__EXERCISE MATERIALS__
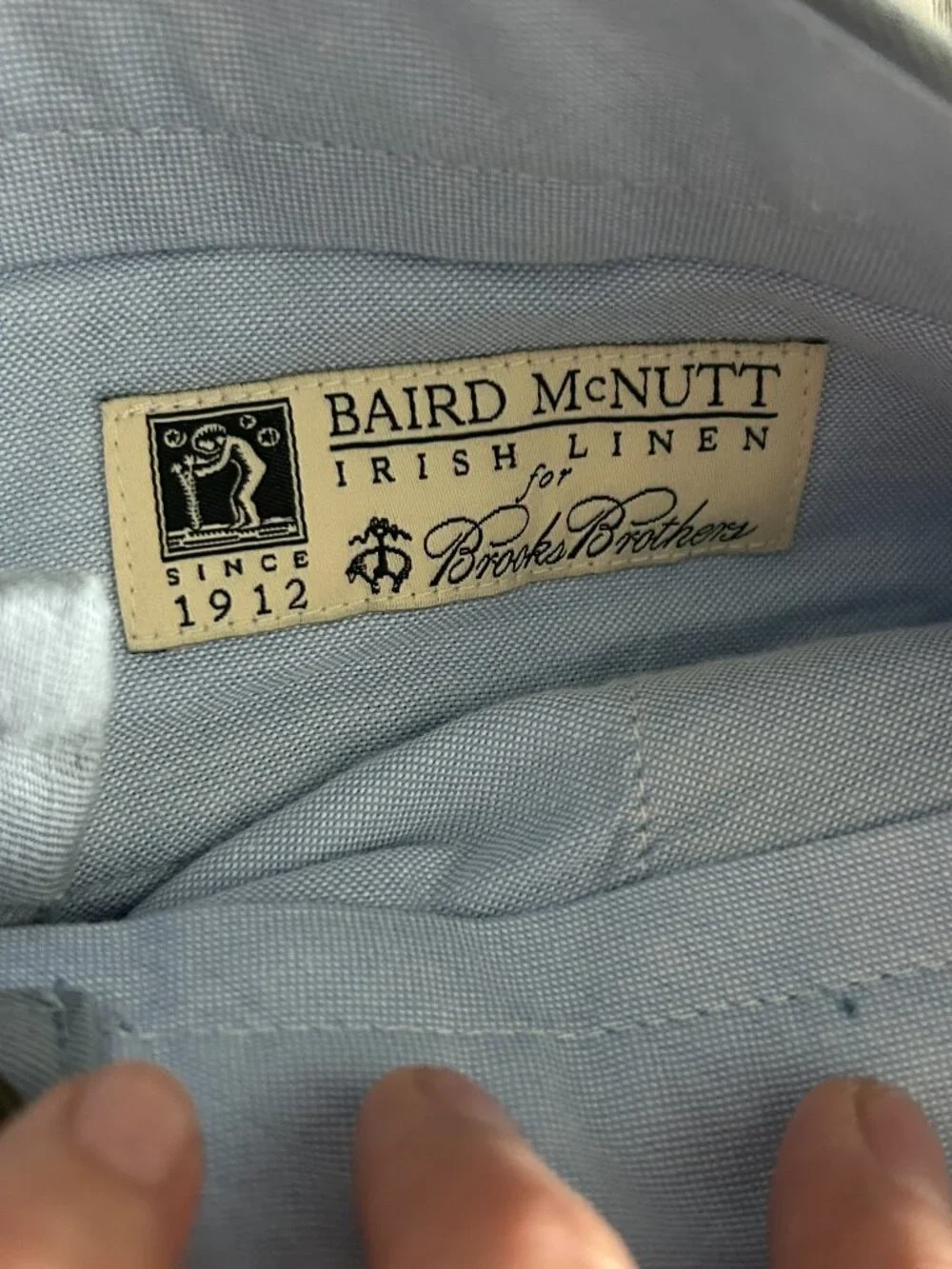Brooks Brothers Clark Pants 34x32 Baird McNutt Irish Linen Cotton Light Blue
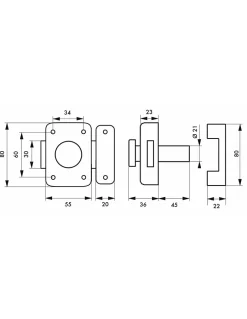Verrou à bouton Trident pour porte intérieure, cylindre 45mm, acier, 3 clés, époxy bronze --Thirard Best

* * *

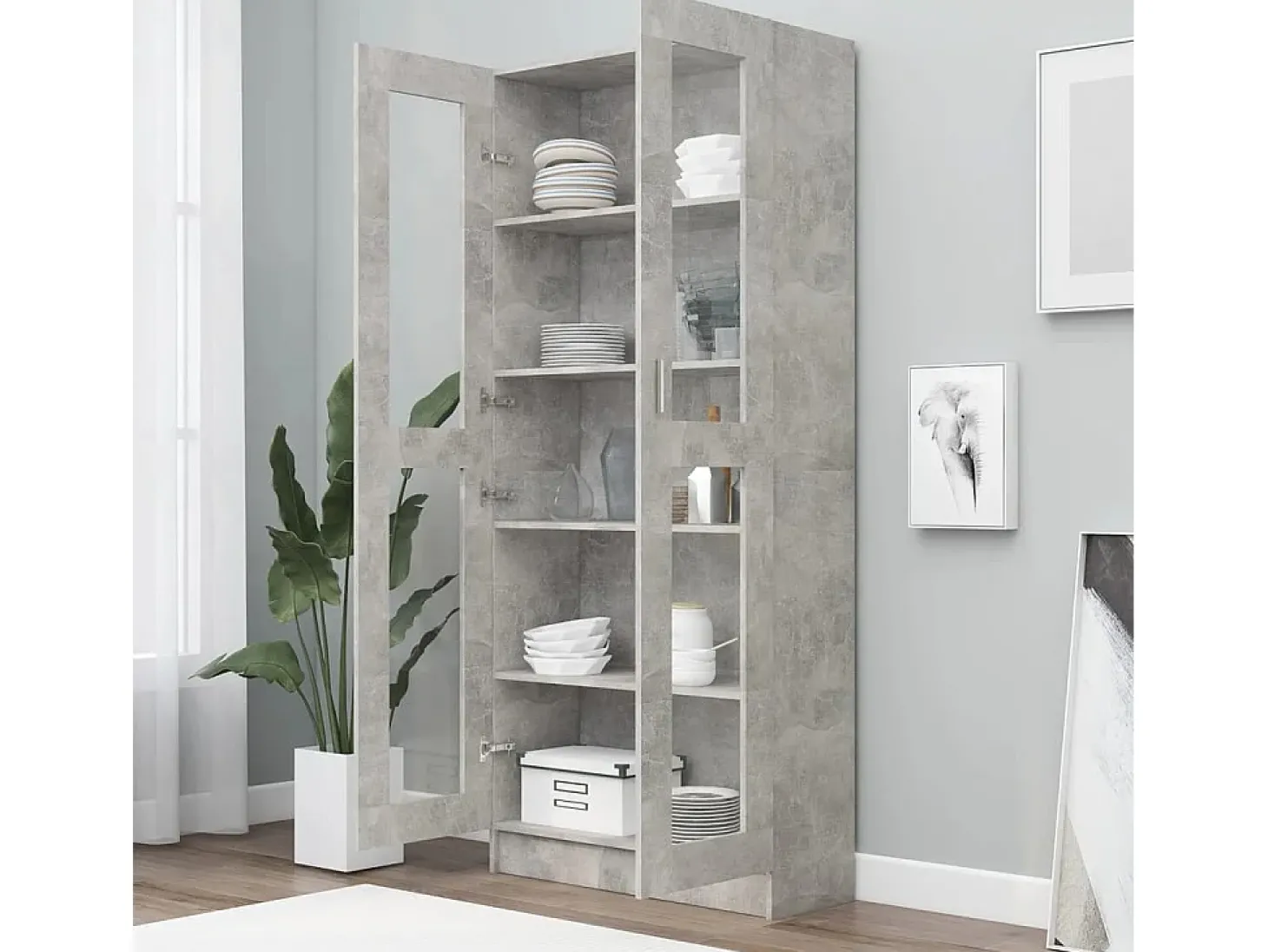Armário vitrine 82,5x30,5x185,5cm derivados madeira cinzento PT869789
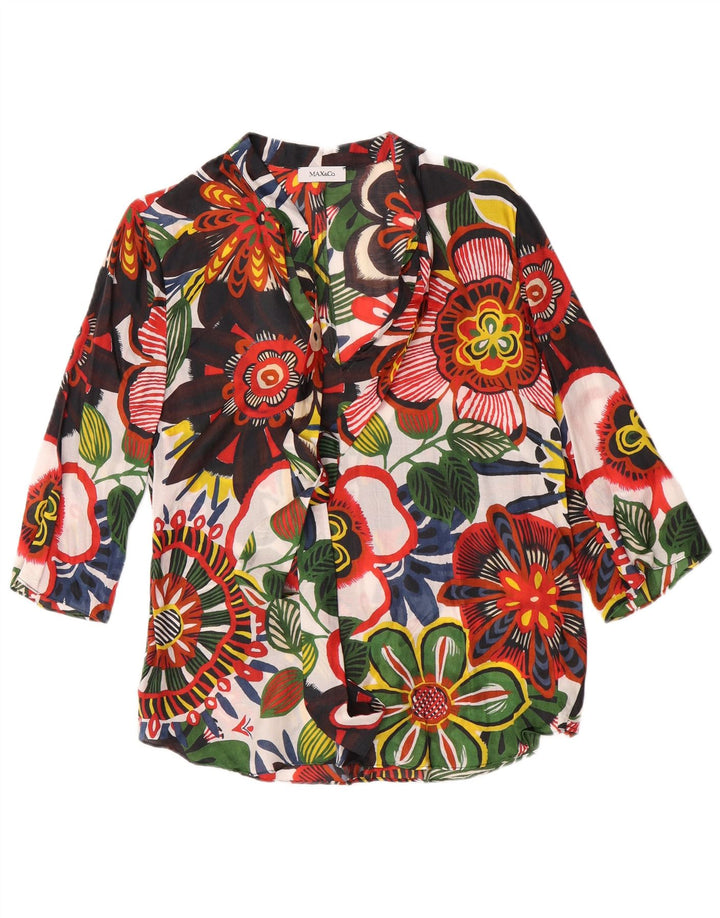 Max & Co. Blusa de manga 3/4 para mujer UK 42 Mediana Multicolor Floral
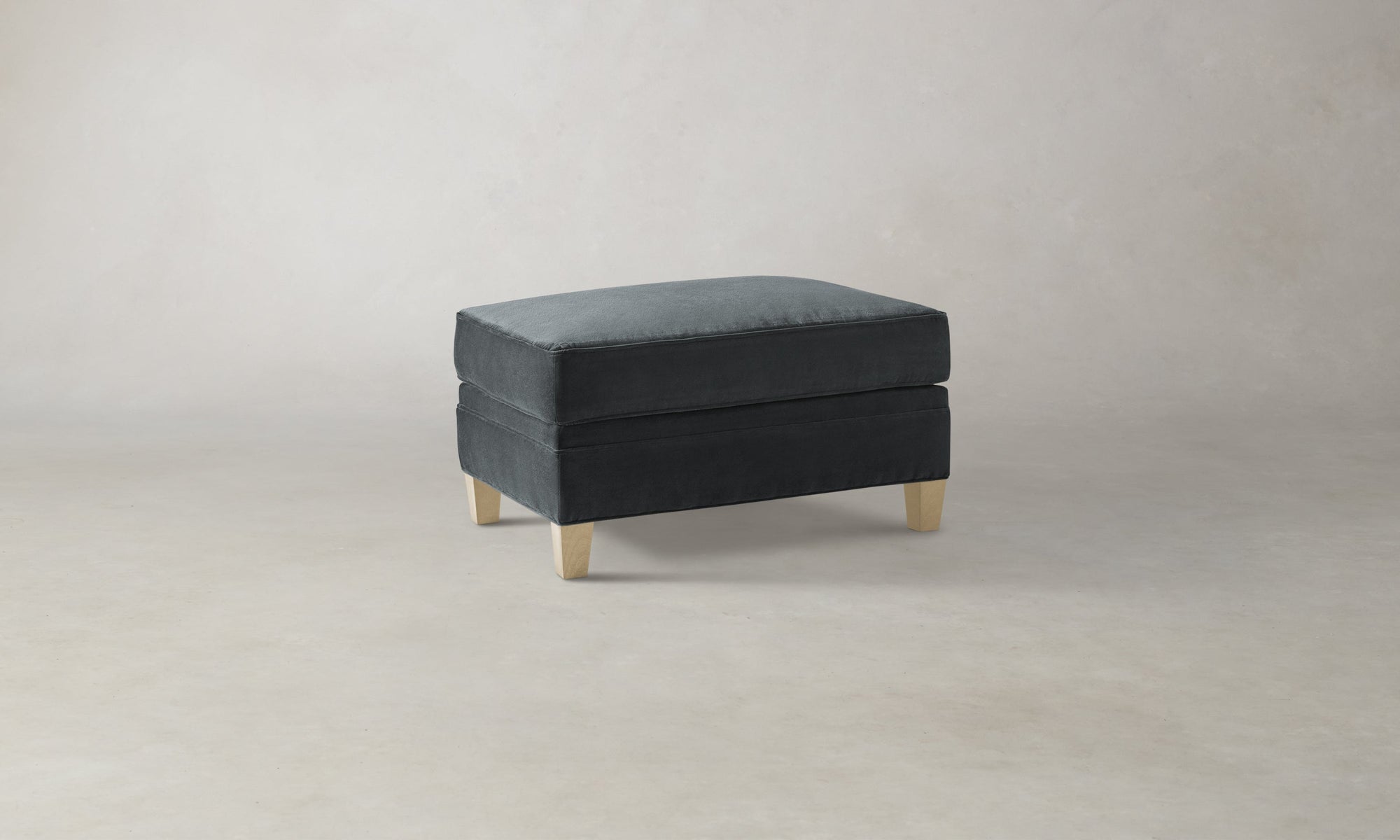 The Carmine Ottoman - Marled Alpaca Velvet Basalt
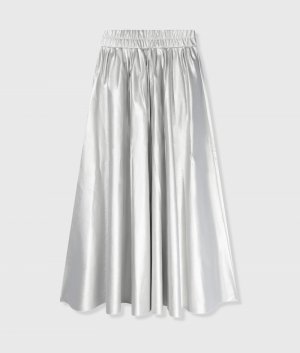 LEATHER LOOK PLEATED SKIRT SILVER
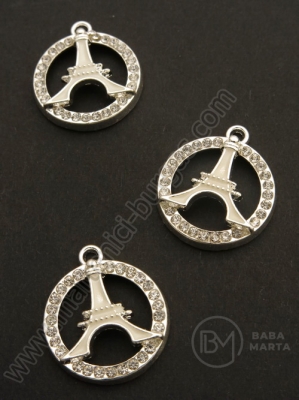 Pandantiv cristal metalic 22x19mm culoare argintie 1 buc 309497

__WORK INSTRUCTION__
Using the records above, return verbatim only the part that opens with the line containing "Armário vitrine 82,5x30,5x185,5cm" and closes with the line containing "Pandantiv cristal metalic"; pictures stay out.

__EXERCISE RESPONSE__
Armário vitrine 82,5x30,5x185,5cm derivados madeira cinzento PT869789
 Max & Co. Blusa de manga 3/4 para mujer UK 42 Mediana Multicolor Floral
 The Carmine Ottoman - Marled Alpaca Velvet Basalt
 LEATHER LOOK PLEATED SKIRT SILVER
 Pandantiv cristal metalic 22x19mm culoare argintie 1 buc 309497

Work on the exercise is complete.